Pak Umar menasehatiku dengan beberapa hadits. Beliau mengingatkan bahwa tantangan beragama di sini tidak ringan. “Di Indonesia, kamu dengan mudah mengetahui waktu shalat karena kamu bisa mendengar adzan setiap waktu shalat tiba. Tapi di sini, kamu yang harus mendisiplinkan dirimu karena kamu tidak akan mendengar adzan dikumandangkan” kata beliau yang mengaku pernah beberapa kali datang ke Indonesia dan mengunjungi beberapa kota seperti Jakarta, Bogor, dan Ambon.

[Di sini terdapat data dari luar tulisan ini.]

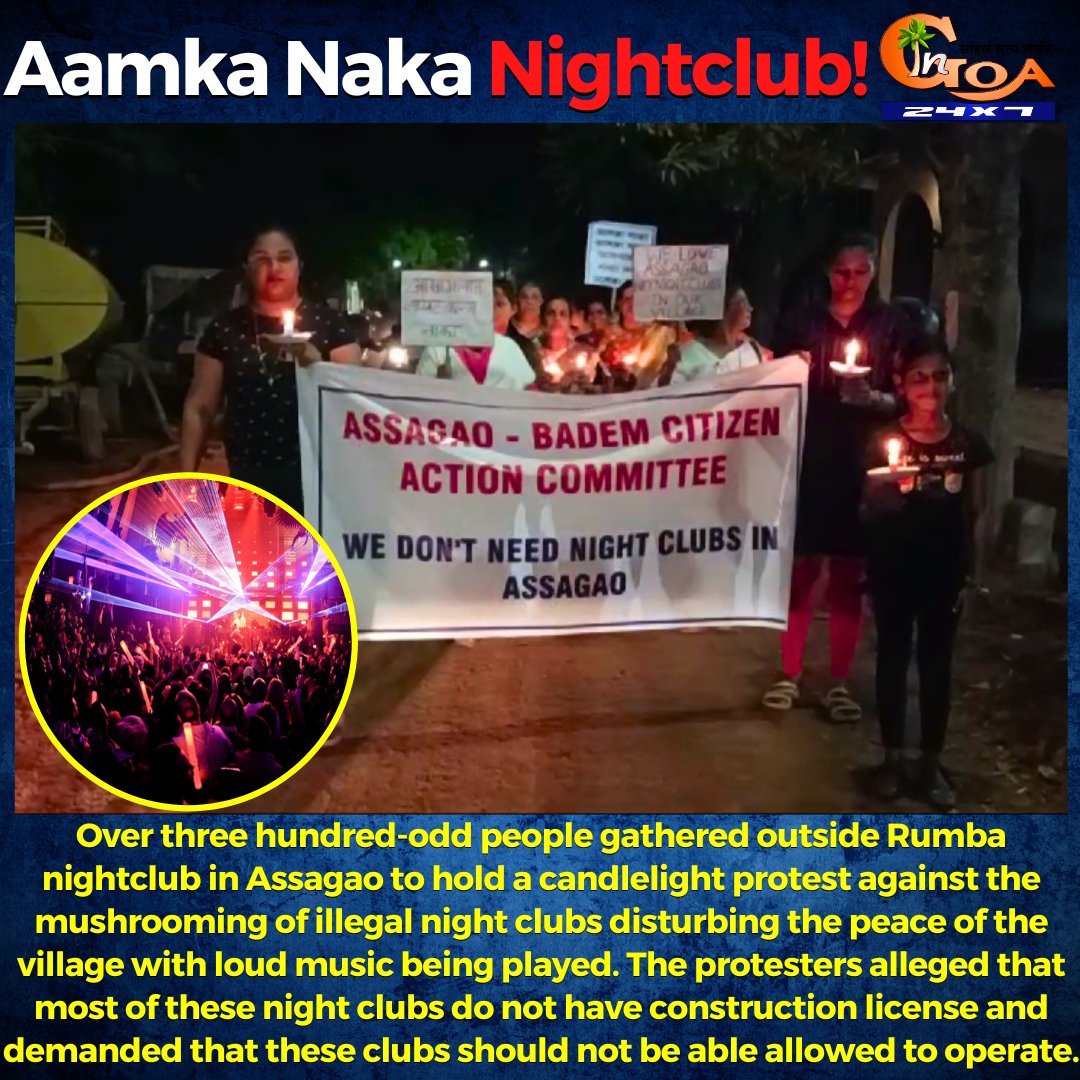 Over three hundred-odd people gathered outside Rumba nightclub in Assagao to hold a candlelight protest against the mushrooming of illegal night clubs disturbing the peace of the village with loud music being played. #Goa #GoaNews #Assagao #locals #protest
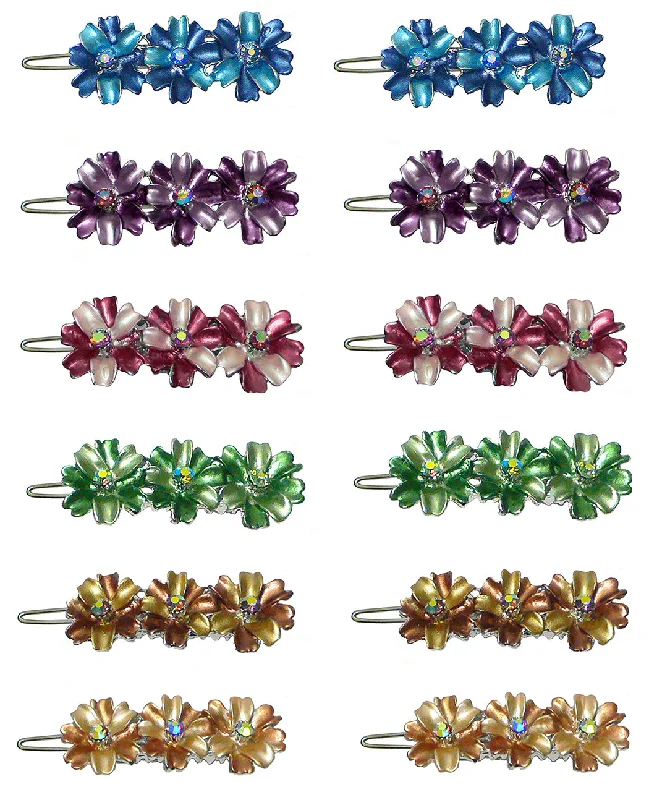 oversized flower hairpins for bridal accessories -BsnapClip Bella Dozen Pack Snap Clip Barrettes 2 ea 6 Colors, 6 Pairs RW86500-1-6pairs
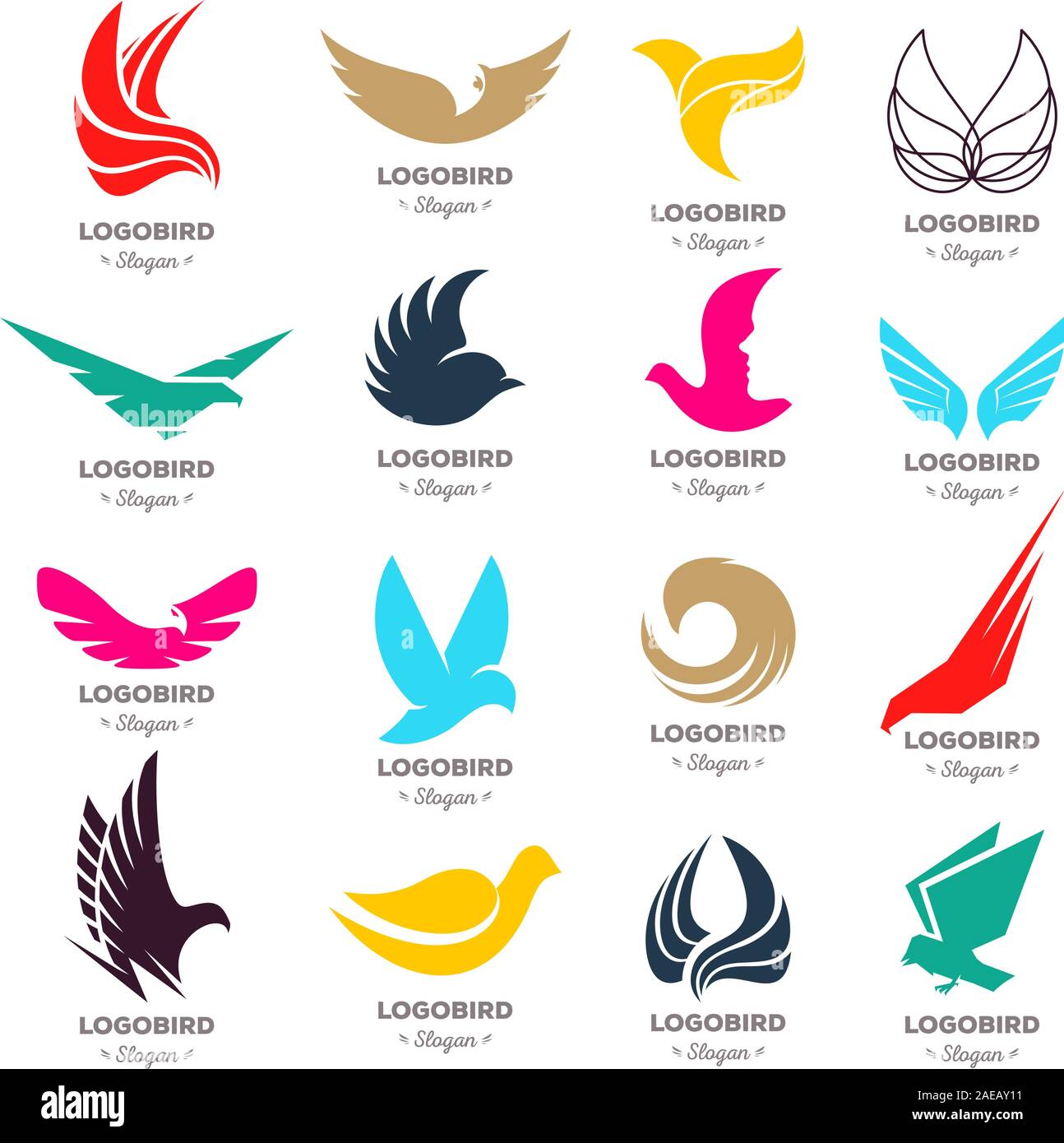 Abstract isolato giallo e arancione uccelli sagome collezione logo su sfondo bianco, le ali e le piume elementi logotipi vettore set Illustrazione Vettoriale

Beliau mengajakku untuk ikut serta dalam kajian yang rutin dilaksanakan bada maghrib. Ketika kutanya, kitab apa yang menjadi rujukan, beliau menjawab ada banyak kitab yang menjadi rujukan. “Seperti Riyadush Shalihin?” tanyaku, sedikit menyelidik. “Ya, kami punya kitab itu dan ada juga kitab2 yang lain” jawabnya.
Tidak terasa, obrolan kami sudah berlangsung hampir satu jam. Sebenarnya aku harus pergi sejak tadi karena harus membantu persiapan halal bihalal komunitas Indonesia. Beliau rupanya menangkap kegelisahanku. “Apakah kamu mau ada acara?” tanyanya. “Ya, saya mau pergi ke Floreshuis untuk menghadiri acara halal bihalal komunitas Indonesia. Tapi aku belum tau jalan menuju kesana (nyengir mode: on)” jawabku sambil mengeluarkan peta dari tas.
“Baiklah, aku bisa mengantarmu ke sana”
“Tidak usah, terima kasih. Saya tidak mau merepotkan anda. Saya akan mencarinya sendiri”
“Tidak apa2, saya juga memang mau kesana. Nanti sekalian saya tunjukkan Masjid Turki karena sepertinya lokasinya berdekatan”
Sungguh aku tidak enak dengan penawaran ini. Pertama, karena rada gak tega melihat beliau yang sudah uzur harus berletih2 mengantarku. Kedua, karena tidak mau merepotkan. Tapi apa daya, beliau begitu memaksa. Akhirnya, aku terima tawaran beliau dan kami pun menggenjot sepeda masing2 menuju lokasi.
Perjalanan ke lokasi membutuhkan waktu sekitar 15 menit. Setelah ditunjukkan lokasi Floreshuis, aku ditunjukkan lokasi masjid Turki, yang ternyata jaraknya hanya terpaut sekitar 100 meter saja.
Aku diajaknya masuk untuk melihat2. Bangunan masjid ini tampak lebih besar dari masjid Selwerd, dan ruangan di dalamnya pun lebih luas, mungkin dapat menampung sekitar 500 jamaah. Di dalam bangunan masjid ada toko, ruang istirahat, dan ruang menonton tv. Aku diminta untuk duduk2 dulu sebentar di ruang istirahat sambil menikmati makanan yang ada (di ruang istirahat, kadang disediakan snack gratis untuk jamaah). Pak Umar memperkenalkanku dengan 2 koleganya, sepertinya orang Turki.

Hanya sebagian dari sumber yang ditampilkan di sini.